Jodhpur, Rajasthan. India. November 2024
While in Jodhpur I increasingly came to see modern India for what it really is — a largely ugly place with a relatively colorful history and culture that for the western traveler can feel like an absolute burden to explore. The population has grown to such an extreme that most cities of any size are jammed with traffic and animals, leaving introverted foreigners like myself searching for any sort of respite (i.e. a clean, beautiful coffee shop or the quiet of a hotel room). At first I thought I liked the chaos of India, but I found that every possible issue was amplified more than anywhere I’d been. I began to think that traveling here is probably best done in groups and with luxury accommodations. It didn’t surprise me that I often saw clusters of older western tourists, many on what looked to be package deal photography trips, wandering around with huge cameras.
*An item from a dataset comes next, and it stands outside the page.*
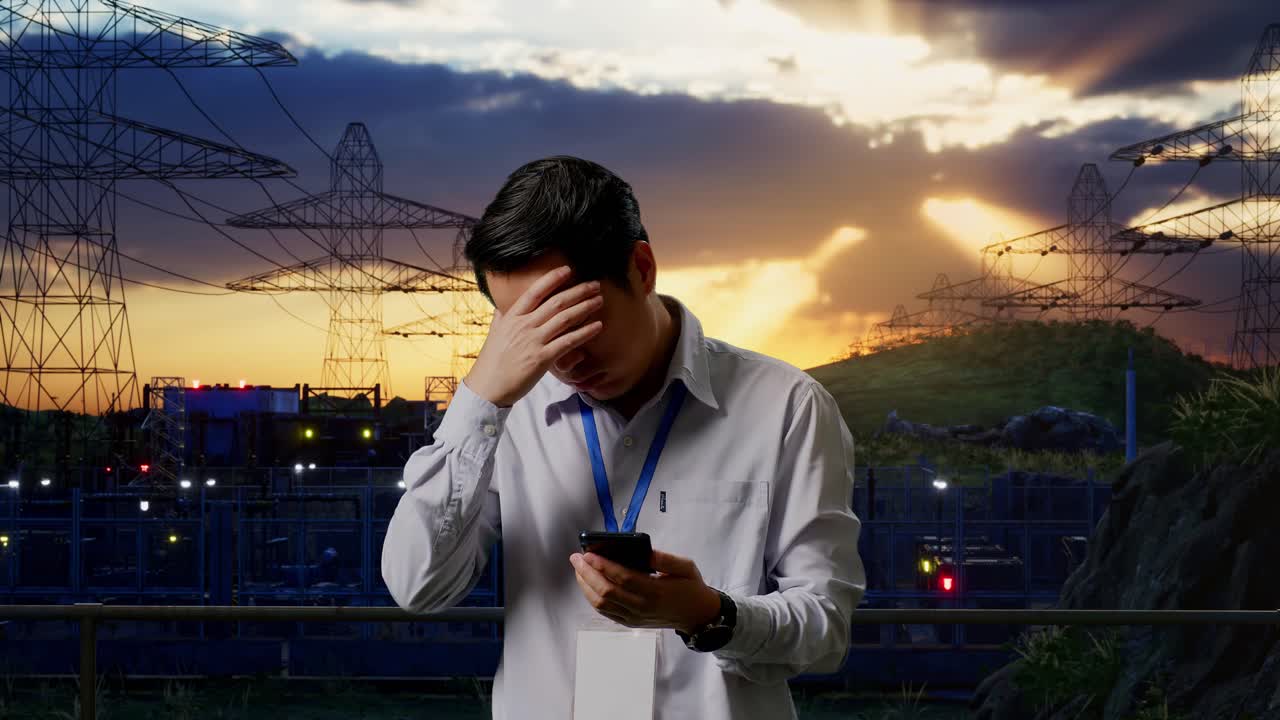 Asian Male Professional Worker Standing With His Smartphone Near High Voltage Tower, Industrial Facility, He Is Nodding His Head With Dissapionted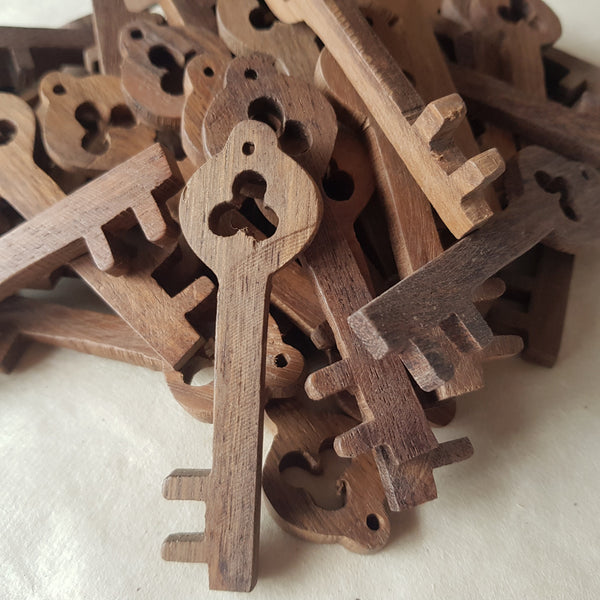 Key Shaped Wooden Pendant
More-so to my point, even The Broke Backpacker lists India as one of their worst places to budget travel.

Jodhpur, Rajasthan. India. November 2024

Jodhpur, Rajasthan. India. November 2024
With just two real highlights in both the Mehrangarh Fort and the Jaswant Thada, I left Jodhpur and arrived to the comparatively prettier city of Udaipur. For me, this was Rajasthan’s one true redeemer. It had multiple lakes, beautiful inner-city hotels and hostels, palaces spread around the surrounding hills, and even a couple of scenic islands with fantastical looking accommodations. Though also quite large and busy, the hospitality here more-so matched the amount of tourism on display. Here I could find a quality coffee shop, plus an inexpensive but tasty restaurants to return to again and again.
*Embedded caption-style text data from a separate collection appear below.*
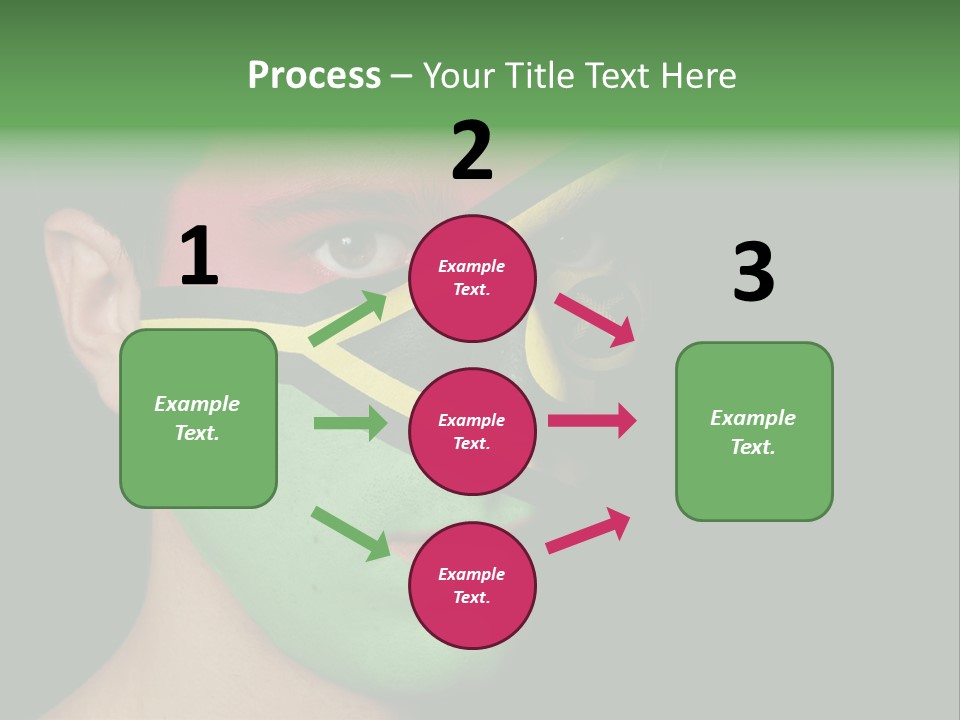 A Man With His Face Painted In The Colors Of The Flag Of Jamaica PowerPoint Template
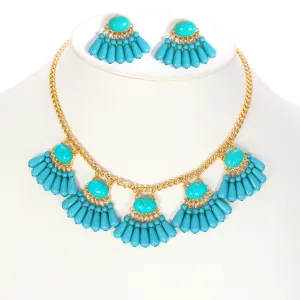TURQUOISE EARRINGS AND  NECKLACES SET #SQ4502 (IB11)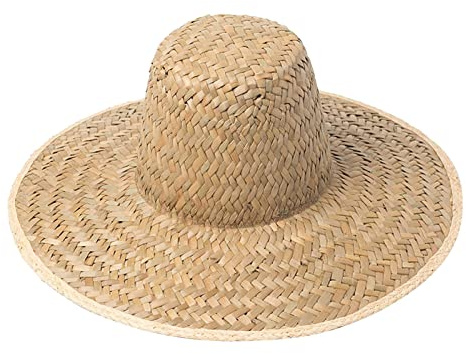 Generisk ny klockformad stråhatt med stort brätte, elegant bast-strandhatt, sommarhatt solhatt skrift, Beige, one size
Udaipur, Rajasthan. India. November 2024
My hostel had numerous balconies where I enjoyed the morning sunshine and did some yoga. I’d wake up at 6:00 AM and go to the roof — there I’d get maybe five minutes of pure silence before the sound of car horns began for the day, as if on a schedule. Udaipur wasn’t without the noises and smells that’d bothered me elsewhere in Rajasthan, but at least I had plenty of nice things to look at. There was even some fantastic shopping. At one shop I bought the cutest miniature silver Indian elephant pendant, and at another I picked up one of the “tiny” paintings that are popular here.

Udaipur, India. November 2024
On my last morning in Rajasthan I visited the City Palace Museum. Like the museum in Jaipur this too was also frustratingly crowded, but at this point I thought what else is new? Something that really bothered me with historical sites in India is that prices for foreigners are jacked up to sometimes 5x of what the locals are asked to pay. And instead of coming alone or with a friend, you’ll find entire Indian families of 7+ people visiting together. While this is not innately an issue, there is also no attempt at crowd control. And so, at the city palace museum I often found myself stuck in a queue just to get from one exhibition area to another. There was also a brief power outage, so that was fun.
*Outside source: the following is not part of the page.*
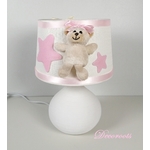 lampe-chevet-enfant-bebe-ours-fille-beige-rose-vieux-blanc-cadeau-naissance-artisanale étoile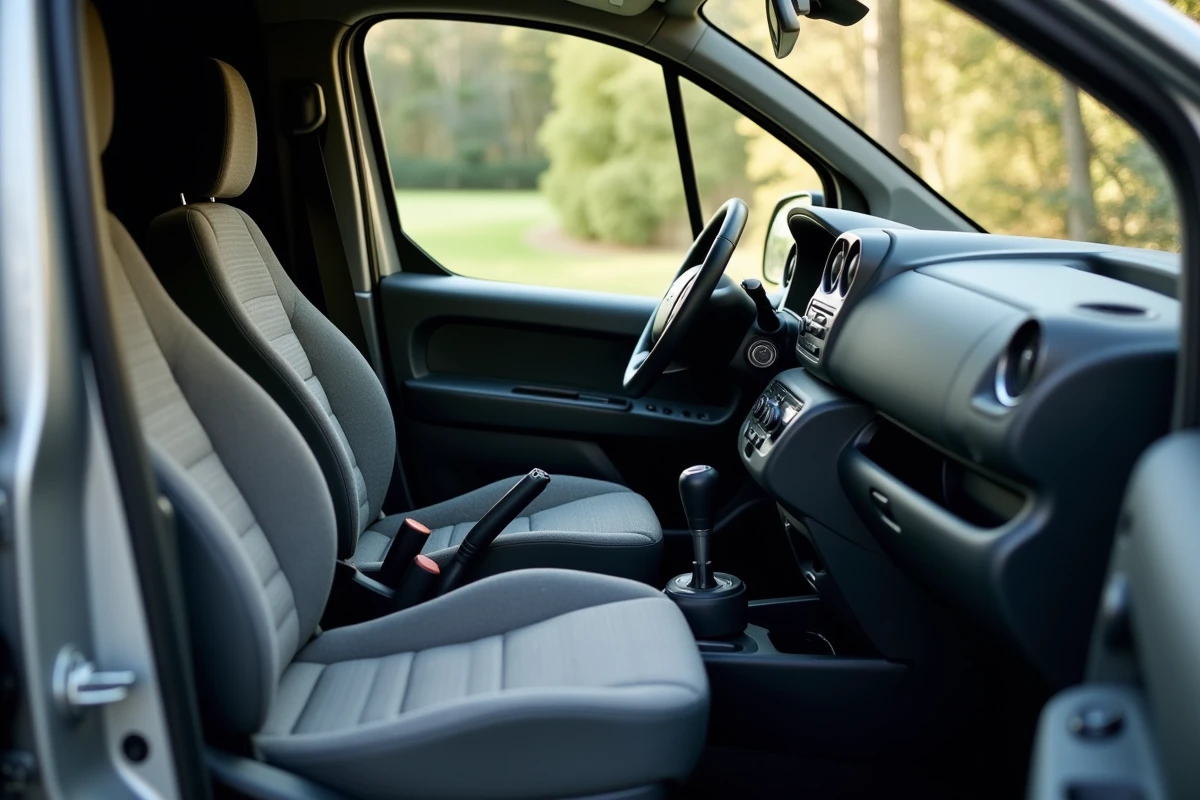 Intérieur pratique d'une Peugeot Partner Tepee d'occasion avec sièges modulables et tableau de bord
Udaipur, Rajasthan. India. November 2024
On my last afternoon for sunset I found a secluded hiking trail above the city. There, to my amazement I had the space to myself. I put in my AirPods, and threw on some golden-hour vibe music to drown out what car noises I could still hear in the distance.
I came to accept that I didn’t enjoy Rajasthan. In fact, it may have been my least favorite bit of all my travels anywhere in the world. Furthermore I struggled to find gratitude for the experience. I think travel that’s void of gratitude is perilous in the moment and not always worth it. I’m already looking back on the photos with a certain fondness, but I hope that in the future I’ll be able to positively reminisce on the rest of it … the noises, smells, attention and all.